Un jour comme tous les autres jours, Lulule Tatimagie ouvrit les yeux. Au bout de cinq minutes – Elle n’était pas patiente – elle se leva d’un coup, écarta les rideaux de son lit de sorcière, et elle s’exclama :
« Couché, vilain soleil ! Couché, j’ai dit ! Couché ! Mais tu n’as donc pas fini de me tourmenter ?! »
Et là, comble du comble, plus comble que le comble, les oiseaux se mirent à chanter. Elle avait une voix étrange une voix qu’elle connaissait…
« Nom d’un chaudron magique ! Bon sang, mais c’est bien sûr ! »
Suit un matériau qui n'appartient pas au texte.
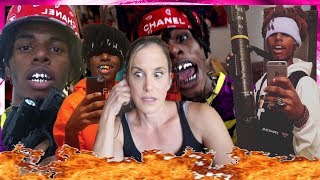 MOM REACTS TO ZILLAKAMI X SOSMULA  SHINNERS 13  ZILLAKAMI SCUMBAGCH4D [upl. by Nylqcaj]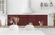 Küchenrückwand Rotbraun RAL 8012 6mm in 200 x 54 cm aus Glas bestellen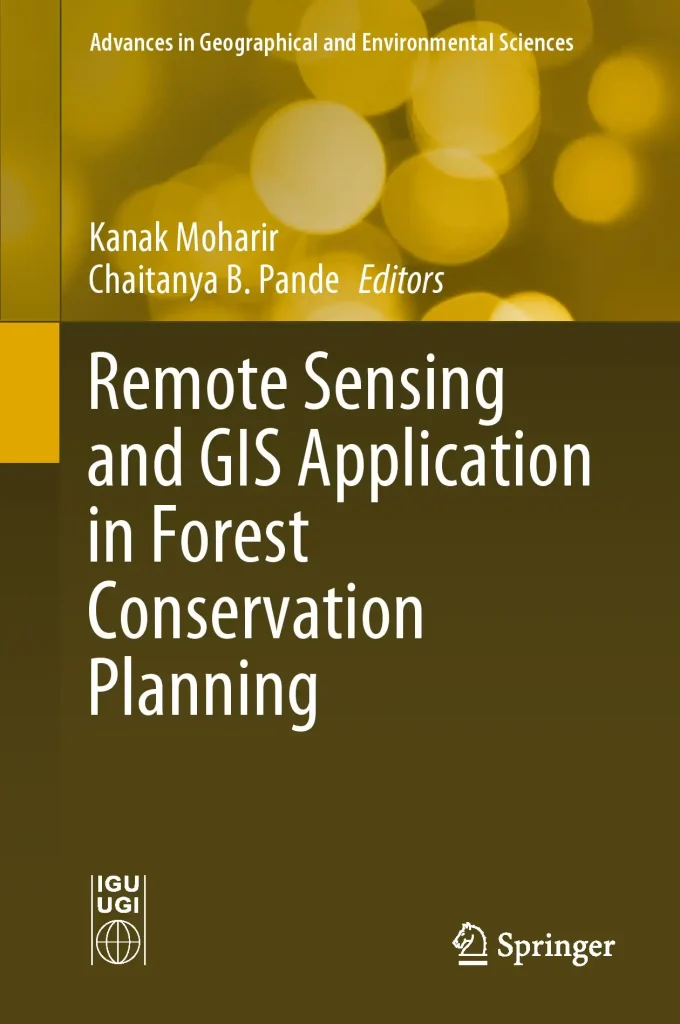 کتاب Remote Sensing and GIS Application in Forest Conservation Planning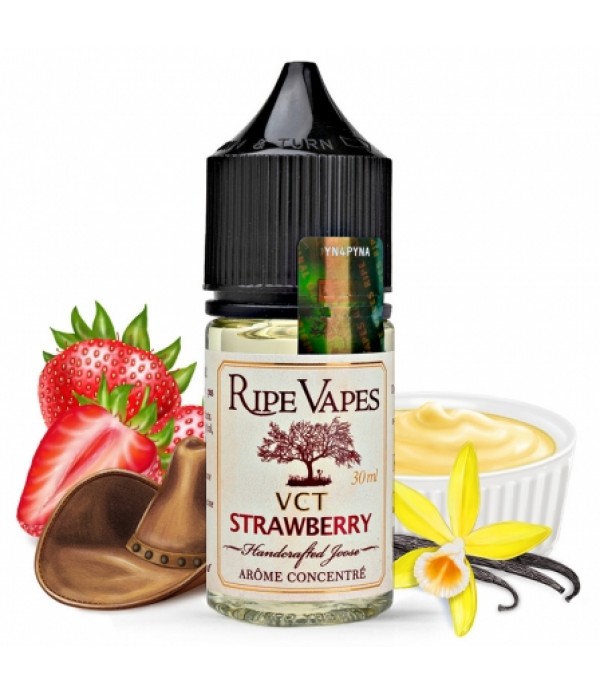 Concentré VCT Strawberry Ripe Vapes Arome DIY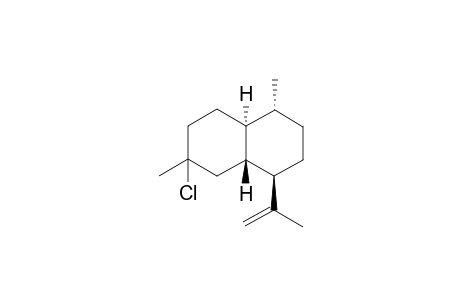 4.xi.Chloro-cadin-11-ene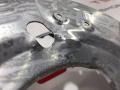 1027661-01-B Кожух тормозного диска Tesla Model X 2017г. - фото №5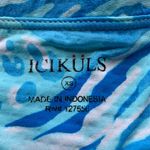 Icikuls Blue & White Patterned Golf Tennis Skort XS Photo 3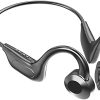 Eacam VG02 bone conduction BT headset wireless ear-mounted black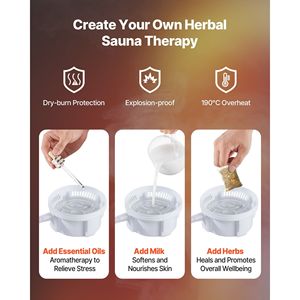 Sauna a Vapore Portatile per Casa, Versione Aggiornata per 2 Persone, Tenda Completa con Vaporizzatore, 2 Sedie Pieghevoli e Telecomando - Product Image 4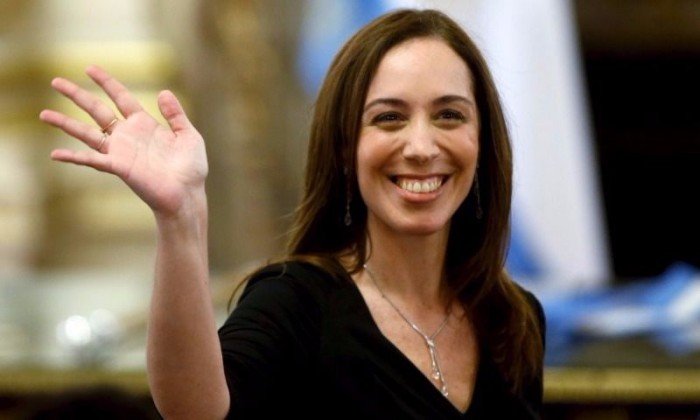 Desde la Ciudad de Buenos Aires, Vidal defendió la emergencia administrativa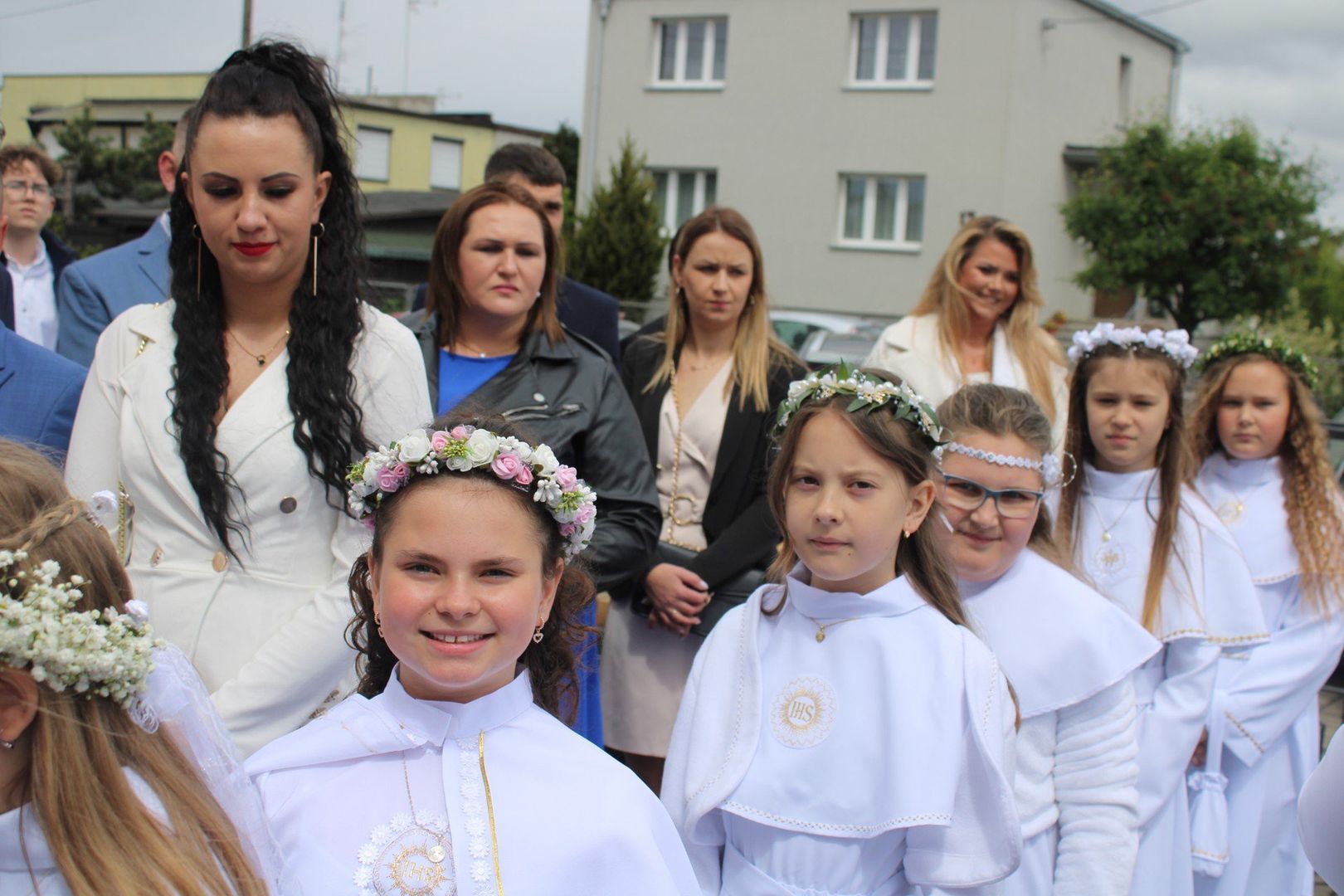 Pierwsza Komunia Święta w parafii pw. bł Jolenty w Gnieźnie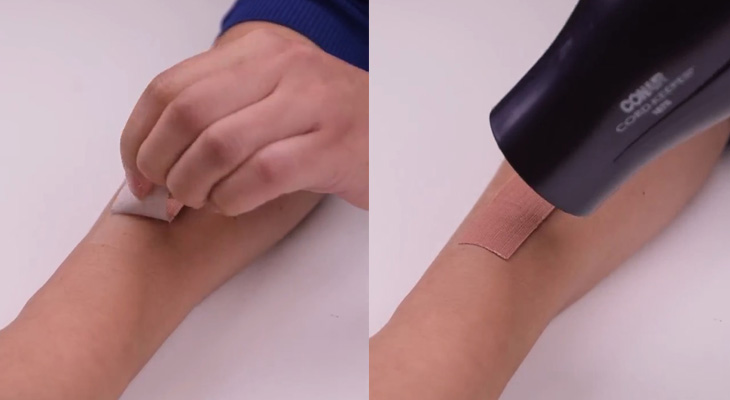 DIY by Blossom พลาสเตอร์ยา วิธีแกะพลาสเตอร์ แกะพลาสเตอร์ แกะพลาสเตอร์อย่างไรไม่ให้เจ็บตัว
Sa voix ressemblait à celle de ces princesses horripilantes avec leurs rêves d’amour stupides et leurs yeux bleus niais. Ça la rendait furieuse ! Alors, elle hurla :
« Nom d’un sac à balais ! Qui m’a ensorcelée ? »
Encore cette voix affreuse… Alors, toute inquiétée, elle regarda sa chambre. Ce n’était pas sa chambre, mais bien une autre chambre, une chambre qu’elle connaissait. Elle sortit de ses gongs, marmonna des formules, s’acharna, rien n’y fit. Pauvre, pauvre Lulule ! Les toiles d’araignée étaient toiles de maître, la lucarne à barreaux une grande fenêtre, et tout ce bleu ! Ce blanc ! Ce rose ! Ces couleurs ! Et d’où venaient ces fleurs ? Et d’où ce tapis blanc ? Elle cria encore :
« Patte de lapin ! Chanteclair ! Venez à moi en un éclair ! »
Rien à faire ! Tout était…
« Bénéfique ! Voilà le mot que je cherchais ! Quelle horrible surprise ! »
Et en disant ces mots, un chat mignon tout blanc vint tout contre sa jambe en faisant des ron-rons. Quel fut son désarroi ! Elle pensa :
« Pauvre moi ! Est-ce donc un cauchemar ? »
Elle ne pouvait changer ! Disparus, ses pouvoirs ! N’avait-on pas pitié ?
« Oh destinée si noire… »
Le coeur rempli de crainte, elle se dirigea vers la glace, et se vit : cheveux blonds, regard niais ! Oh rage, oh désespoir ! Et le bal endiablé de Dracula ce soir ? Et son beau Mariage avec l’oncle Fétide ? Et les pleurs des enfants ?
« Où sont passées mes rides ? »
Elle était belle, hélas. Belle comme une princesse.
« Il faut ! Il faut ! » – dit-elle –
« Il faut que cela cesse ! »
Et horreur des horreurs, un beau Prince Charmant entra, et l’embrassa ! Dit :
« Quels sont vos tourments ? Mon amour ! Mon soleil ! Votre peau est si douce ! Et vous traits sont si fins ! Et je n’aime que vous ! »
-Lâche moi, à la fin ! Lâche moi, je te dis ! Je suis une sorcière ! Mais non ! Je t’interdis ! »
Et le prince bavait, la tenait, sussurait. C’était insupportable, c’était inacceptable. C’était… c’était vraiment pleins d’autres mots en « able ». Et elle l’insultait. Et il lui répétait :
« Vos mots me sont si doux ! Ma rose a peau de lys ! Faisons de beaux enfants ! »
-À moi ! Par quelle malice m’a-t-on joué ce tour ? Tu feras moins le fier, quand je te rotirai ! Et je te mangerai avec des andouillettes ! Je donnerai tes restes à mon horrible chouette ! »
-Oh chérie ! Oh trésor ! Au soleil de mes jours ! »
Il l’embrassait encore et lui parlait d’amour. Elle mordit le Prince pour s’en débarrasser. Il ne s’arrêtait pas.
« Cesse de m’embrasser ! Horrible caca d’oie ! »
Elle crispa les doigts, et dans un hurlement strident, désespéré, se réveilla enfin. C’était inespéré !
Du noir ! Enfin du noir ! Poussière et mauvais goût ! Chanteclair croassait un air sur les égouts, Patte-de-Lapin le chat chassait d’un air méchant, les hiboux hululaient des airs très alléchants, enfin minuit sonnait ! Les coups étaient donnés. Elle soupira d’aise et s’habilla de noir, pour préparer l’horrible party au manoir.